Al meter la mano en el bolsillo, para sacar el celular y llamar a tus amigos para que te ayuden, te anoticiás de un hecho que te espanta: la llave de tu auto no está. Hurgás en todos los bolsillos hasta el cansancio, como un imbécil, pero no, no está. Y no seas nabo, no insistas. Las llaves no están.
¿Las habrás perdido moviéndote en la pista? ¿Se te habrán caído cuando el grandote pelado te despatarró en el piso? No sería la primera vez que te pasa eso cuando salís y te ponés el pantalón babucha.
Vas hasta la puerta del bar y pedís que te dejen entrar para buscar tu llave pero nadie te presta atención, y el balbuceo embriagado que reemplazó a tus palabras, no ayuda demasiado para que te entiendan.
Empezás a dar golpes en la puerta, enojado, furioso, sacado. De pronto, notás que tus pies no tocan el piso. Como un idiota, crees que estás levitando, pero no, es el patovica que te tiene agarrado de la remera y te levanta con una mano a varios centímetros del suelo. Te mira una sola vez antes de lanzarte contra un árbol.
Te levantás y lo agredís con un idioma nuevo que estás inventando, y la suerte te favorece. Toda esa masa muscular casi sin cuello que es el patovica se ríe de tu carencia de coordinación léxica, y aunque no quiere volver a golpearte, tu empecinada insistencia le hace perder la paciencia y terminás ligando una paliza inolvidable.
Regresás a tu casa caminando, dolorido.
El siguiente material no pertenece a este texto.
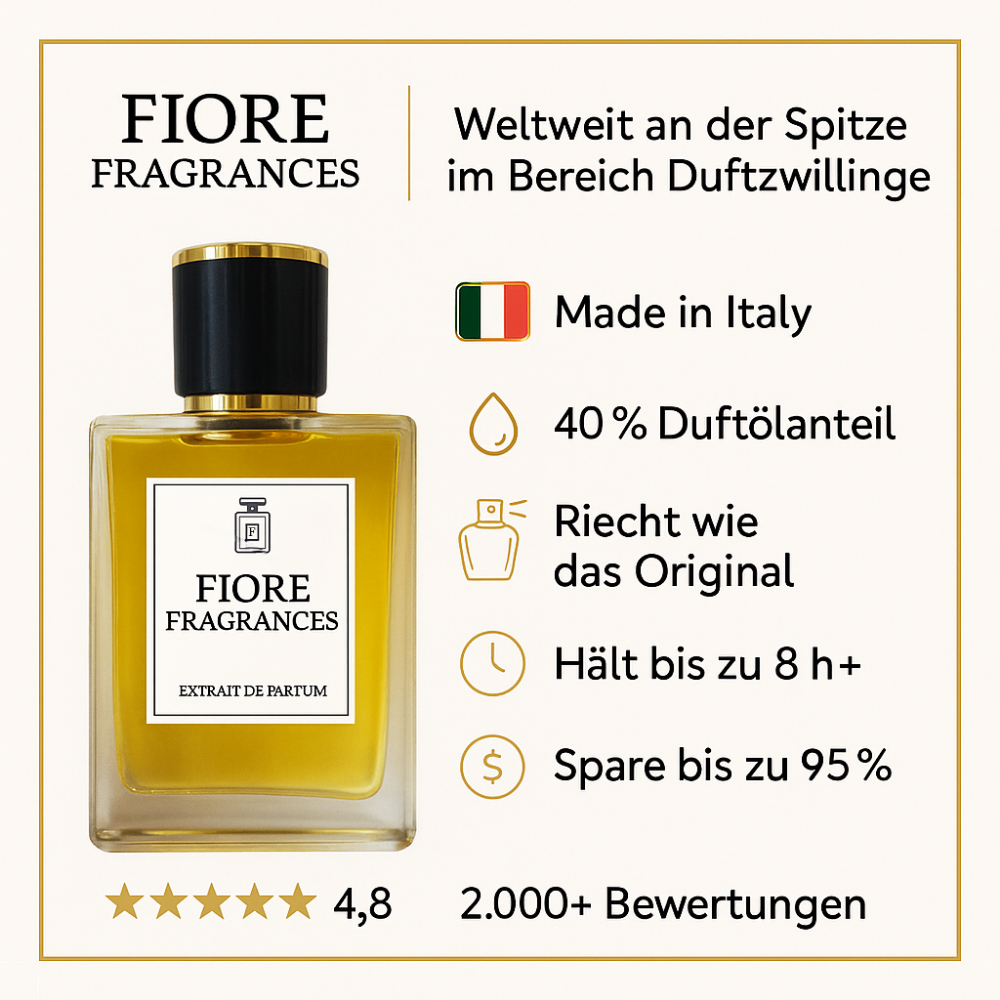 Fioré Winter Edition – Limited Exclusive Box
Muy dolorido. Lo poco que te queda de conciencia te permite discernir que lo mejor va a ser dormir y mañana, ya recuperado de la borrachera, vas a poder volver con el duplicado de la llave y encontrar el maldito auto.
Y supongamos que — sólo porque te tengo cierto aprecio —, no revelo tu nombre ni cuento el último episodio bochornoso que llevaste a cabo en el camino de vuelta.
Claro que no puedo dejar de mencionar que, cuando llegaste a tu casa y viste ese auto tan parecido al tuyo estacionado frente a la puerta, recién ahí te acordaste que esa noche habías ido al bar en taxi.